At some point on day six, Jose staggered into an irrigation pipeline and wrenched the valve open. He drank himself full and then cut the water off completely, hoping someone would come to turn it back on and find him. A man in a pickup truck finally arrived to check on the water and offered, in Spanish, to drive Jose to the nearest town. He had walked in a circle. He was back in Mexico.
TEN DAYS after being rescued from the desert, Jose sits with his left foot in a bucket, seeping blood and pus at a migrant shelter in Sonoyta, Mexico, a lawless Sonoran border town across from the Lukeville, Arizona, port of entry. Run on donations, the Casa del Migrante is a half-built compound of cinder-block and canvas tents ringed by metal fencing and razor wire. When I first turned up, in June, the atmosphere was tense and insular; the shelter’s founder had been arrested the week before by Mexican authorities on charges of illegally transporting migrants (a move activists say was aimed at appeasing the Trump administration). Wincing in pain, Jose nonetheless plans to make a second attempt to cross the border as soon as the peak summer heat subsides. For the rest of the 60-odd migrants at the shelter — most of them men from Honduras, El Salvador, and Guatemala — his near-death experience is a warning, but not a deterrent.
Despite all the risks of crossing, the hopefuls keep coming. More than 144,000 undocumented immigrants were encountered by Border Patrol officers along the Southwest frontier in May, the largest monthly total in 13 years and the third month in a row that more than 100,000 were taken into custody at the border. Alone or with family in tow, they took flight north as a last-ditch effort to escape dire poverty, climate-crisis-driven drought, and a plague of criminal gangs that have made life back home unbearable. While intensified anti-migrant measures by the Trump administration and the Mexican government have since led to a drop in arrivals, the flow has not been stopped.
Local volunteers have long tried to ease migrants’ passage by leaving bottles of water, food, and medical aid in the so-called Ajo corridor, a zone running north from the border astride state highway 85 through the small, unincorporated town of Ajo, 40 miles north of Mexico, where migrant deaths and disappearances have been a grim fact of life for decades, instilling a strong humanitarian ethos in the community. But federal authorities are even cracking down on that lifeline, arresting volunteers on charges of littering, trespassing, and human smuggling. Human-rights advocates say the Trump administration is “criminalizing solidarity” while enforcing harsh policies that compel migrants to risk their lives in the desert. “They don’t do a damn thing to help these [migrants],” says Gerardo Campos of the San Diego-based volunteer aid group Aguilas del Desierto. “This is legalized genocide, and the Trump administration wants this to happen.”

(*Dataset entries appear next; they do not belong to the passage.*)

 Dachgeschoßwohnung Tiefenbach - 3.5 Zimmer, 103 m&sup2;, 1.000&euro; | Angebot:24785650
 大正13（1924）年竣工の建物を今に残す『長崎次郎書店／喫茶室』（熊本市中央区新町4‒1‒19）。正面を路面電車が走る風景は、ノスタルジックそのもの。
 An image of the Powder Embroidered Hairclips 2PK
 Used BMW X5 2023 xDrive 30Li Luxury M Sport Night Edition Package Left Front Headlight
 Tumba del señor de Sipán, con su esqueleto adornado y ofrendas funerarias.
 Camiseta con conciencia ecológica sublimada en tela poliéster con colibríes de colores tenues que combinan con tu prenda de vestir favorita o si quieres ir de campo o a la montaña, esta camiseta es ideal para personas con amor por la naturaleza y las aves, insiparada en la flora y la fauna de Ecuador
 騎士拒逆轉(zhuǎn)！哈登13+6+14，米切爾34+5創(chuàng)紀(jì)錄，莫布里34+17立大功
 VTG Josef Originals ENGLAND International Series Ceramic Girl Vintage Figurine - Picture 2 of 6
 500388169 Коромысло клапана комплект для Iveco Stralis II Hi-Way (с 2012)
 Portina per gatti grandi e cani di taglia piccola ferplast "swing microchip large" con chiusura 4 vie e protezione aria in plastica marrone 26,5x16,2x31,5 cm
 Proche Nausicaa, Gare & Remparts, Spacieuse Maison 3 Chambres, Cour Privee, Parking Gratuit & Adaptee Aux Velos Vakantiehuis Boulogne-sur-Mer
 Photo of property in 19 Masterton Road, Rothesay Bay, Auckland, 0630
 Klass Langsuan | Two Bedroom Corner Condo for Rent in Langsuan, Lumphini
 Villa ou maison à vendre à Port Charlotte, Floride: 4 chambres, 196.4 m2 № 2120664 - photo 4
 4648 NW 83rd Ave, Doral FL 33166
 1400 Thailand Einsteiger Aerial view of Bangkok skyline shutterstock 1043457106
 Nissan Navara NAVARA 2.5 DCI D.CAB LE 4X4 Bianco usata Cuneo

Migrant advocacy groups say the roots of the crisis go back to a Clinton-era Border Patrol strategy called Prevention Through Deterrence. By cutting off easy land crossings between the U.S. and Mexico through stepped-up surveillance and policing, authorities effectively forced people to follow more lethal routes. Trump has doubled down on that strategy, weaponizing his nativist rhetoric with ruthless policies such as “zero tolerance,” which separated thousands of children from their parents. Immigration and Customs Enforcement has been conducting sweeps around the country, locking up undocumented migrants en masse in grossly overcrowded detention centers alongside asylum seekers rounded up by Customs and Border Protection. Adults are crammed into standing-room-only cells, and families with young children sleep in caged areas on concrete floors. At least seven children have died in CBP custody since last year, after nearly a decade of the agency reporting no child fatalities.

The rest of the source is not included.